GOAL OF THE EXERCISE.
Once the line with "theBalm Krem na" is found in the entries below, repeat it and each following line exactly, up to and including the line with "Cathedral of Santa Maria del Fiore". Add no other lines.

RECORDS TO PROCESS.
----------------------------------------

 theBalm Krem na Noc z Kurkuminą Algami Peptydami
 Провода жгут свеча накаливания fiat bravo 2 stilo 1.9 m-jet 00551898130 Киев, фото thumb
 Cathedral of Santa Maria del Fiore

----------------------------------------

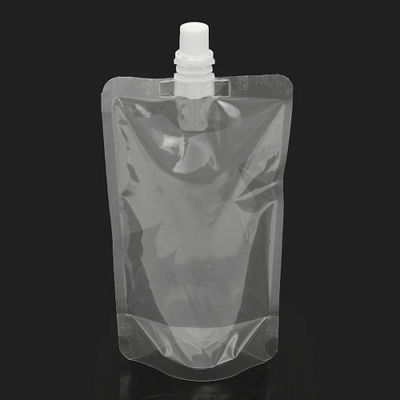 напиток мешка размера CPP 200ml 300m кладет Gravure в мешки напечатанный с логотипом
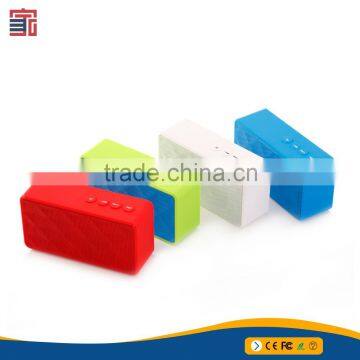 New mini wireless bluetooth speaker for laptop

----------------------------------------

REPLY.
 theBalm Krem na Noc z Kurkuminą Algami Peptydami
 Провода жгут свеча накаливания fiat bravo 2 stilo 1.9 m-jet 00551898130 Киев, фото thumb
 Cathedral of Santa Maria del Fiore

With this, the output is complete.